Time-averaged heat transfer correlation for direct injection hydrogen fueled engine

This paper presents the development of an empirical correlation for the prediction of time-averaged heat transfer for a direct-injection hydrogen fueled engine. Computer simulation based on one-dimensional gas dynamics approach was used to perform the time-averaged analysis for the in-cylinder heat transfer. Simulation was performed for 1800 ≤ rpm ≤ 5000, 0.2 ≤ φ ≤ 1.2 and 130 deg before top dead center (BTDC) ≤ SOI ≤ 70 deg BTDC. Experimental measurements were used to verify the developed model, during which the engine performance could be determined to a reasonable accuracy of 10%. The equivalence ratio (φ) was considered as a governing variable, through the new correlation for the time-averaged heat transfer. A nonlinear regression approach was used to develop the new correlations. In the case of all the simulation data, the proposed correlations have a satisfactory performance with the determination coefficient (R2) of about 0.99. A relative error of 10% was found in more than 95% of the simulation data. However, the relative error was reduced to about 50% in the newly developed correlations, which increased its reliability to more than the Taylor's correlation for representing the actual data.
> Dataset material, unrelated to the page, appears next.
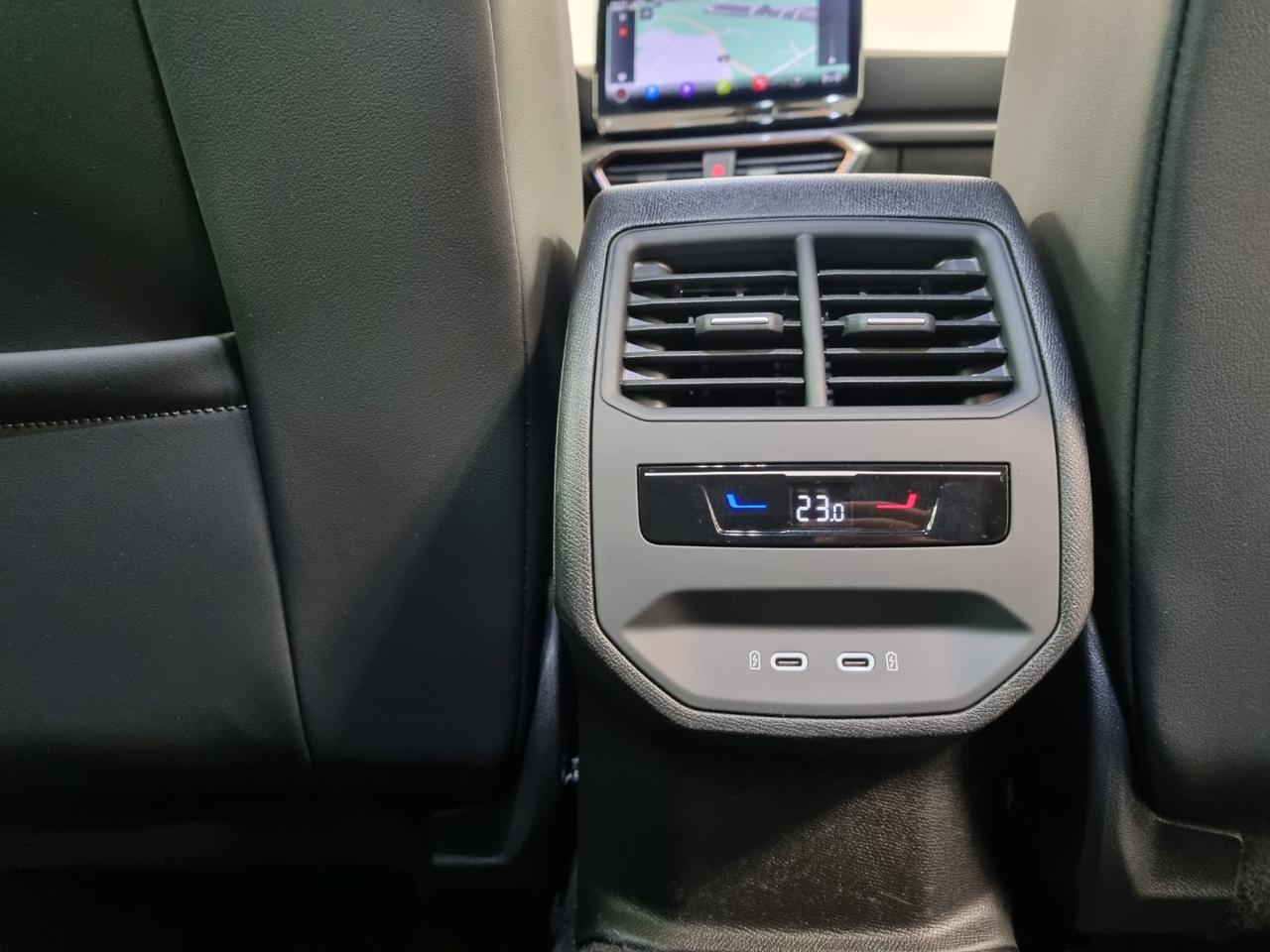 CUPRA Formentor 2.0 TSI 4Drive DSG - 24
Due to the general form, hydrocarbon fuel is suitable for the newly developed correlations that are theoretically made.

► A one-dimensional gas dynamic simulation approach is developed. ► Evaluation of existing empirical heat transfer models. ► Exiting empirical models are not accurate for hydrogen. ► A new time averaged heat transfer (TAHT) correlation is developed for hydrogen. ► TAHT correlation gives realistic predictions than Taylor's correlation.